Blog Post

Orwell Today

“Freedom is the right to tell people what they do not want to hear”  —George Orwell

Learning from Orwell is maybe even more important today than it was 70 years ago.  Here I will try to tell why.  I will use just facts from one country that is ruled by a neoliberal autocratic regime.

I remember growing up in the Soviet Empire and my father always warning me not to talk too much against the authorities on the phone.  “They are constantly listening to us and we may be arrested”—he used to tell me and we would cover our phones with the pillows before talking about politics.  Many people were arrested, jailed or killed because they have said ‘unpatriotic things’ during their private conversations. This was the reason that people in the Stoviet Empire where afraid to talk, because Soviet “Big Brother” was always watching.  We were always reminded that the “Enemies of Soviet State” are always waiting to come over and kill all of us.  So if we wanted national security, we needed to endure Soviet State terror.  

It is obvious that the Marxist-Leninist system did not work. Former members of the Eastern Block became some of the most fierce protagonists of wild capitalism and ironically many of the “new bourgeoisie” are former communist party apparatchiks and high nomenklatura. Today, divisions of the cold war merged into one discourse—that of 21st century Social Darwinism – the strongest survives. In many cases in the former Soviet Union those strongest are mostly criminals or representatives of former elites – communist party elite or KGB or Military Intelligence. These people control almost entire economies and sustain militaries that ensure that this “new bourgeoisie” of Eastern block keep the power from their own people. Exploitation, hunger, economic inequality, inequality in opportunities, cultural imperialism coupled with militaristic policies contribute to the formation of contemporary conflict between North and South. But at the same time in this new postmodern time the new type of system has emerged, we could call this system postmodern electoral autocracy.   

It is also ironic that Marxist-Leninist and other dogmatic communist regimes after the collapse of the Eastern Block have embraced new neoliberal materialism and a new type of imperialism. While the “liberal-democratic” Russia was committing war crimes in Chechnya, Georgians together with the old Liberal democracies were busy torturing people in Iraq. There was nothing dialectical left in the new system, which is trying to impose careerist and consumerist dreams upon the population of the former Soviet States.  It is a direct system of Neoliberal Electoral Autocracy.  Maybe lessons were learned from Peru’s Alberto Fujimori or Kenyan ruler Daniel Arap Moi.  

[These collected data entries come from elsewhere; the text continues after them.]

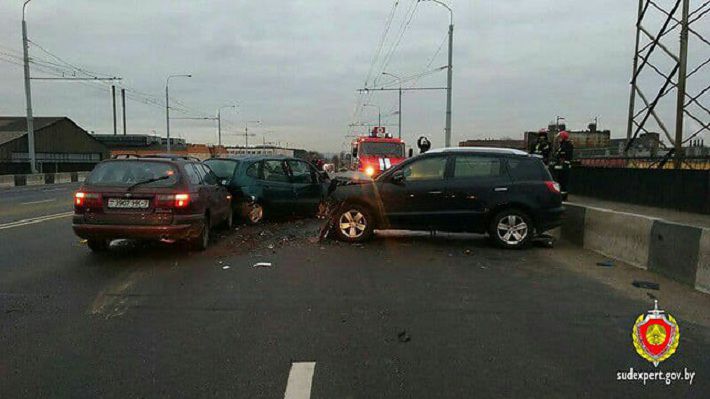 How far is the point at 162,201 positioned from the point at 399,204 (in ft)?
12.6

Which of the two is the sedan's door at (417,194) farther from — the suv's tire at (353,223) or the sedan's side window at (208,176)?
the sedan's side window at (208,176)

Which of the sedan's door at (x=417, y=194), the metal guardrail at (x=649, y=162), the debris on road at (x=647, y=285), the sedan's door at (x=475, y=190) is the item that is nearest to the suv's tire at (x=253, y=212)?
the sedan's door at (x=417, y=194)

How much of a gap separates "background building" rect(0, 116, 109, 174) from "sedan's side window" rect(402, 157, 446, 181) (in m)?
43.2


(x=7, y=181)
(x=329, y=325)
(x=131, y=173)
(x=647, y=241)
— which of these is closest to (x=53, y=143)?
(x=7, y=181)

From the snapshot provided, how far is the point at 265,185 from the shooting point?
1138 centimetres

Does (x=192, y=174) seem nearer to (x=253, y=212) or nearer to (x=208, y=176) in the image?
(x=208, y=176)

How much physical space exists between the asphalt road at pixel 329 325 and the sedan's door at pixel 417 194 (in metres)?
1.01

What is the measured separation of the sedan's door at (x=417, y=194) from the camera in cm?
913

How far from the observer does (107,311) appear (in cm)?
525

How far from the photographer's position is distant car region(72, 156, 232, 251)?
24.9 ft

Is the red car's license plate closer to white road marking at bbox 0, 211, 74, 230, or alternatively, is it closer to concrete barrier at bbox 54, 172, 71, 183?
white road marking at bbox 0, 211, 74, 230

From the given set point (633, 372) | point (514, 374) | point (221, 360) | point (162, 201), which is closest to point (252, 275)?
point (162, 201)

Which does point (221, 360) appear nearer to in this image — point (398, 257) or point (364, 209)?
point (398, 257)

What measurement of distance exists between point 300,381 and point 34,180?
35436 mm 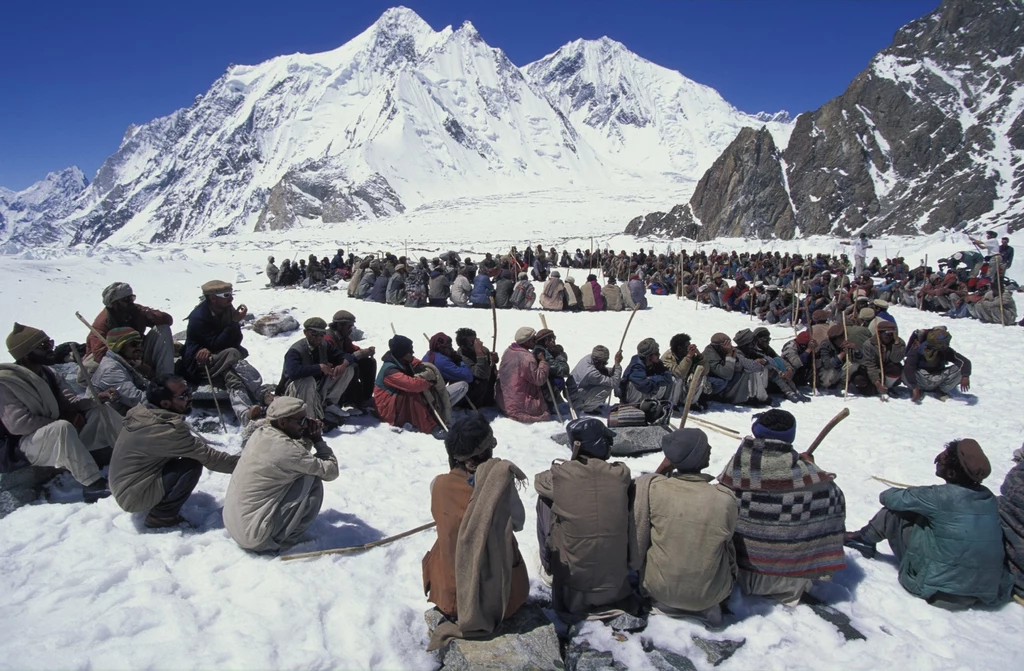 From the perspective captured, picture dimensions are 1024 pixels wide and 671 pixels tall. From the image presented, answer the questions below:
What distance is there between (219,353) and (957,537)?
609 cm

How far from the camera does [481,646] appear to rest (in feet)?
9.73

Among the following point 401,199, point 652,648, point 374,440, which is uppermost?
point 401,199

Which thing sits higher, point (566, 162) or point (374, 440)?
point (566, 162)

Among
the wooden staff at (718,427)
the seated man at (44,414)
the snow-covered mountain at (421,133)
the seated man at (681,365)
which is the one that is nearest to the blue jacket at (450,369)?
the seated man at (681,365)

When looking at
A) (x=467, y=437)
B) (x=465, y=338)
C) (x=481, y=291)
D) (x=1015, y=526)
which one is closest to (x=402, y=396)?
(x=465, y=338)

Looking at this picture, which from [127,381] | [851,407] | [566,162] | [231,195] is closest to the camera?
[127,381]

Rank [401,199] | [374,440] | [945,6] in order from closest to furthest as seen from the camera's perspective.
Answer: [374,440] < [945,6] < [401,199]

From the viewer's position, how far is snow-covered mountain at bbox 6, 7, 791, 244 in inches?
3319

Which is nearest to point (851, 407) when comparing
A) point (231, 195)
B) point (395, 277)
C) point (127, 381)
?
point (127, 381)

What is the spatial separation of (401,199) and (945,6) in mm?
58368

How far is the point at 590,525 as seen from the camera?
3162 mm

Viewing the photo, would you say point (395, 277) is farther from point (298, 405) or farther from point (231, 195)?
point (231, 195)

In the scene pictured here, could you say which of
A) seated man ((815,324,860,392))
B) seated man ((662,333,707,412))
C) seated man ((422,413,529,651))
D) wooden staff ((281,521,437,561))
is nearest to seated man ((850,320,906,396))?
seated man ((815,324,860,392))

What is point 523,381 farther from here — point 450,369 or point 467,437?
point 467,437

The Party seeks power entirely for its own sake. We are not interested in the good of others; we are interested solely in power. Not wealth or luxury or long life or happiness: only power, pure power. What pure power means you will understand presently. We are different from all the oligarchies of the past, in that we know what we are doing. All the others, even those who resembled ourselves, were cowards and hypocrites. The German Nazis and the Russian Communists came very close to us in their methods, but they never had the courage to recognize their own motives. They pretended, perhaps they even believed, that they had seized power unwillingly and for a limited time, and that just round the corner there lay a paradise where human beings would be free and equal. We are not like that. We know that no one ever seizes power with the intention of relinquishing it. Power is not a means; it is an end. One does not establish a dictatorship in order to safeguard a revolution; one makes the revolution in order to establish the dictatorship. The object of persecution is persecution. The object of torture is torture. The object of power is power. 1984

There is a new kind of Orwellian system in Georgia, where everyone is afraid to speak once again.  But this time they are threatened with different dangers.  Not just their own imprisonment or accidental death, but material deprivation, being blacklisted or your relatives paying for your own free expression.  Surveillance is omnipresent in the new, neoliberal state system, it is just operating in more sophisticated form.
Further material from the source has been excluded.